Evaluating The WTC Finalists

Critic Herbert Muschamp writes that the choices are clear. “Daniel Libeskind’s project for the World Trade Center site is a startlingly aggressive tour de force, a war memorial to a looming conflict that has scarcely begun. The Think team’s proposal, on the other hand, offers an image of peacetime aspirations so idealistic as to seem nearly unrealizable.Compared with Think’s proposal, Mr. Libeskind’s design looks stunted. Had the competition been intended to capture the fractured state of shock felt soon after 9/11, this plan would probably deserve first place.
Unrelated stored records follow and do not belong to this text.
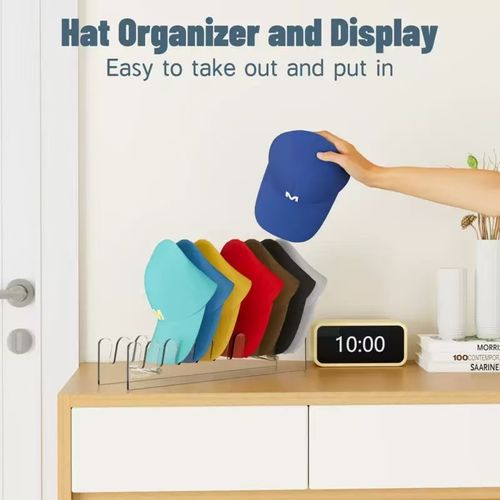 2025 New Baseball Cap Holder 🧢 Creative Bestseller – Hat Storage Essential!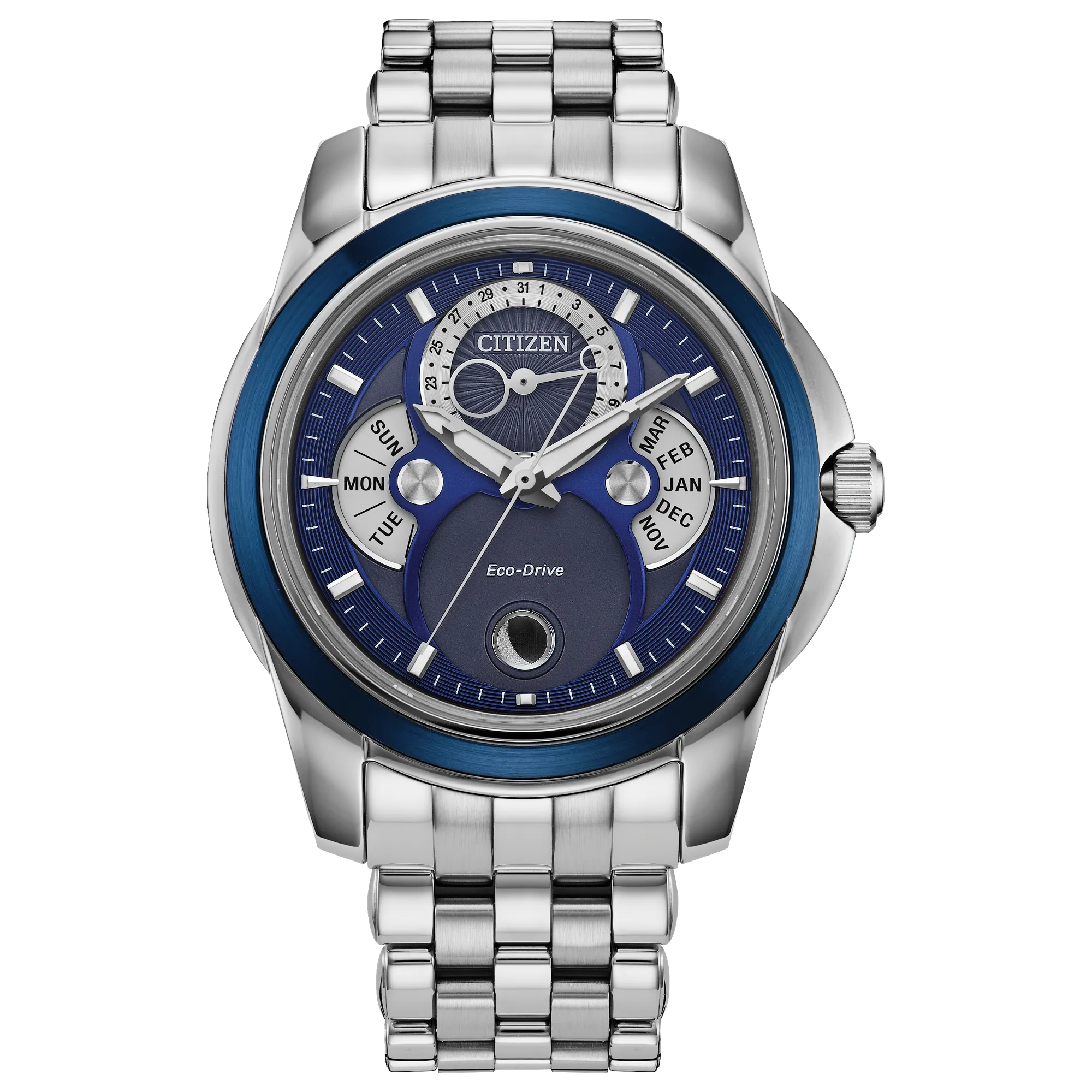 Reloj Citizen Calendrier BU0088-51H Eco-Drive para Hombre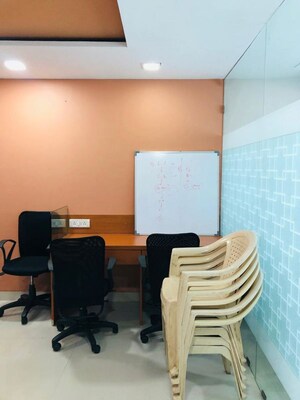 Team Area in  Office Space at Aditya Banarsi Heritage, Malad West – for Rent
But why, after all, should a large piece of Manhattan be permanently dedicated to an artistic representation of enemy assault? It is an astonishingly tasteless idea. It has produced a predictably kitsch result.”

WTC Choices On Target

There seems to be general satisfaction with the choice of finalists for the World Trade Center site. “The process of deciding what will replace the destroyed World Trade Center has produced a unique cultural moment. In previous years, when there has been a major cultural issue playing itself out in public, people largely rallied to make clear what they didn’t want. The debate about the World Trade Center site has turned all that on its head. Not surprisingly, there is an unprecedented level of public engagement with and emotional investment in this project. And that involvement has driven the project forward but led it to embrace the most ‘cutting edge’ designs – Mr. Libeskind’s and THINK’s.”